(WHAT YOU WILL DO): Omit every picture and output the rest of the records exactly as they are.

Pictures with short captions:
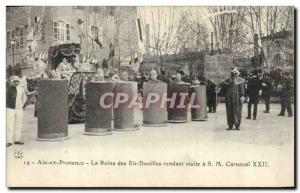 Old Postcard Carnival Aix en Provence Queen of Visiting making Sockets SM Car...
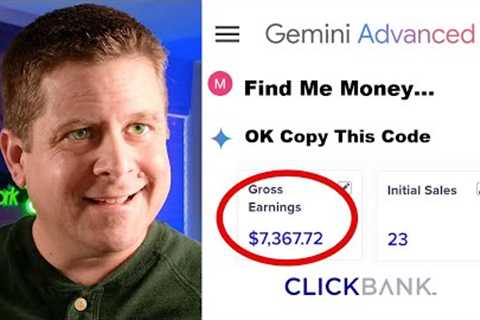 I Asked Ai To Find Me Free Money On Clickbank  - It Did! - $7,300 So Far!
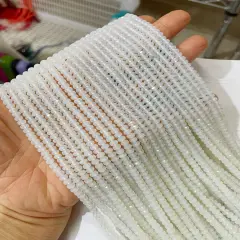 Kitcheniva 15.5" Faceted Jade Rondelle Beads 2x4mm Opalite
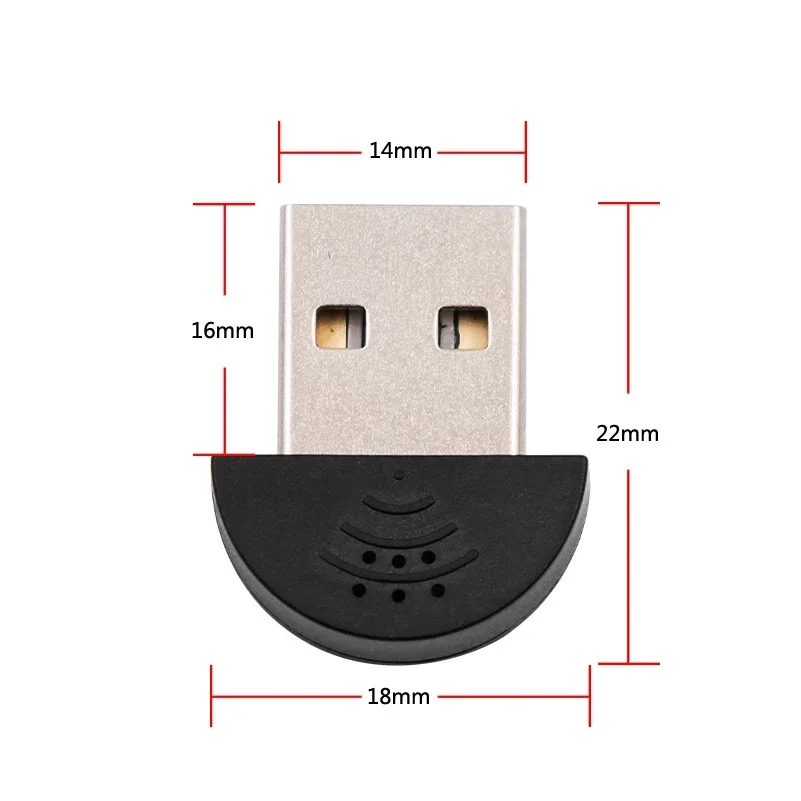محمول سوبر ميني USB 2.0 ميكروفون USB MIC الصوت محول المحمولة استوديو الكلام سائق الحرة لأجهزة الكمبيوتر المحمول/دفتر/الكمبيوتر/MSN/سكايب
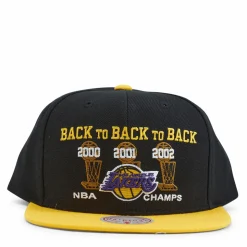 Lakers Champs Snapback 00-03 HWC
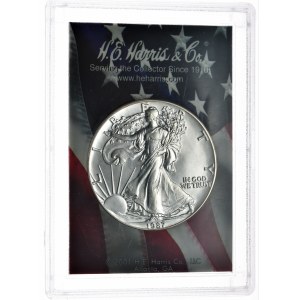 USA, Liberty Silver Eagle dolar, 1987, 1 oz 999 AG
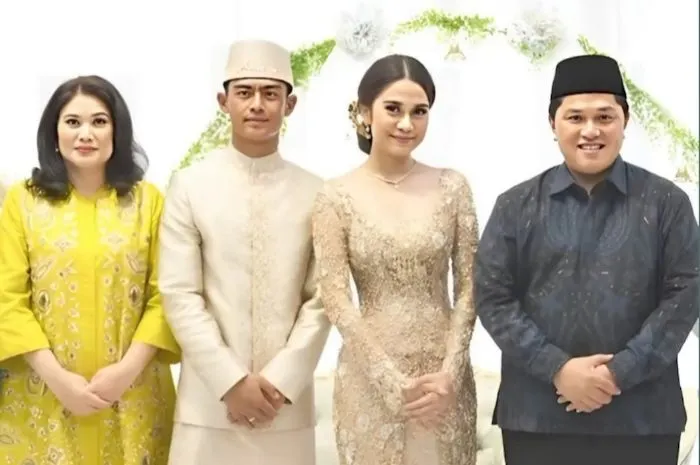 Momen Ketua PSSI, Erick Thohir hadiri pernikahan Pratama Arhan dan Azizah Salsha di Tokyo, Jepang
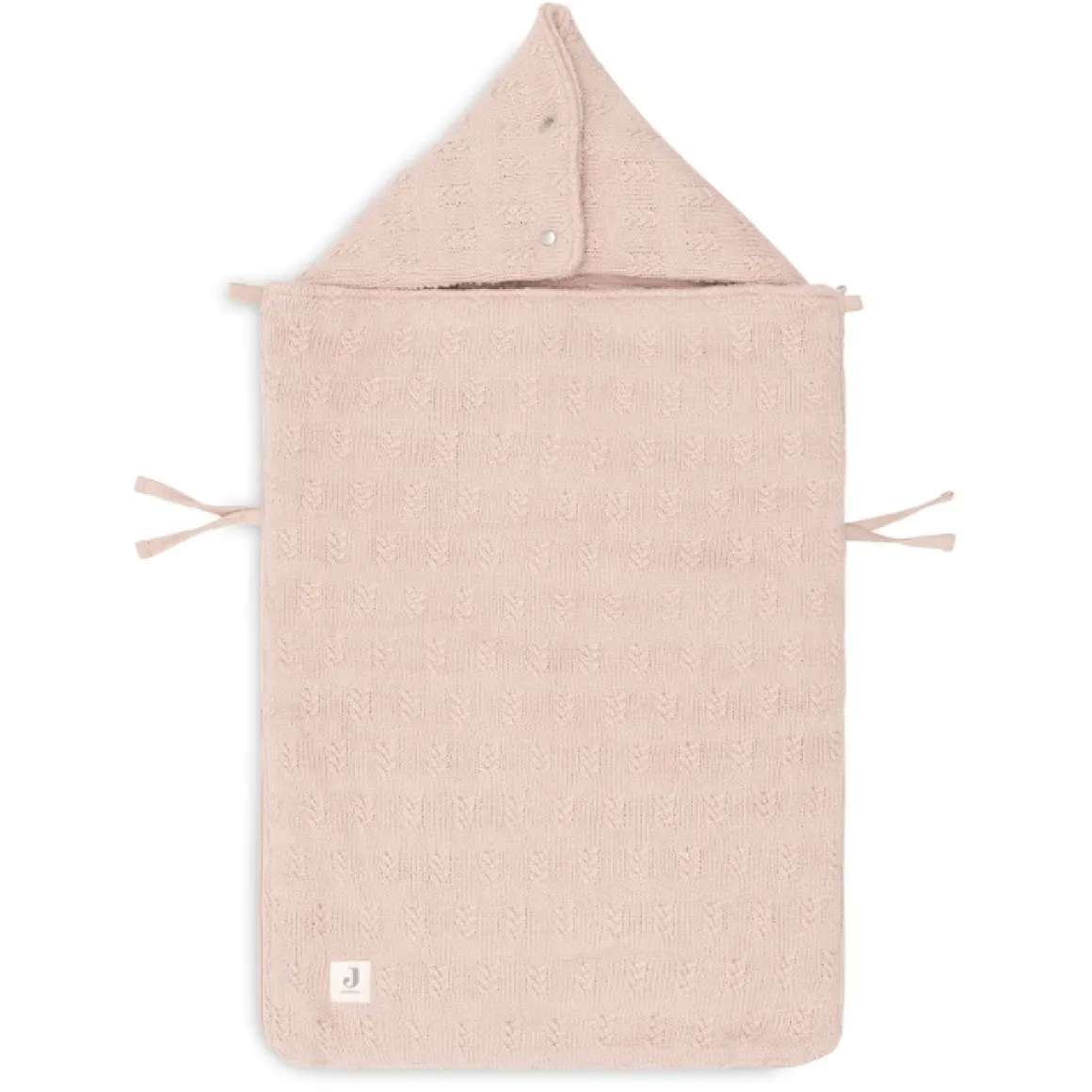 Jollein Voetenzak Grain Knit Wild Rose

(ANSWER BELOW):
 Old Postcard Carnival Aix en Provence Queen of Visiting making Sockets SM Car...
 I Asked Ai To Find Me Free Money On Clickbank  - It Did! - $7,300 So Far!
 Kitcheniva 15.5" Faceted Jade Rondelle Beads 2x4mm Opalite
محمول سوبر ميني USB 2.0 ميكروفون USB MIC الصوت محول المحمولة استوديو الكلام سائق الحرة لأجهزة الكمبيوتر المحمول/دفتر/الكمبيوتر/MSN/سكايب
 Lakers Champs Snapback 00-03 HWC
 USA, Liberty Silver Eagle dolar, 1987, 1 oz 999 AG
 Momen Ketua PSSI, Erick Thohir hadiri pernikahan Pratama Arhan dan Azizah Salsha di Tokyo, Jepang
 Jollein Voetenzak Grain Knit Wild Rose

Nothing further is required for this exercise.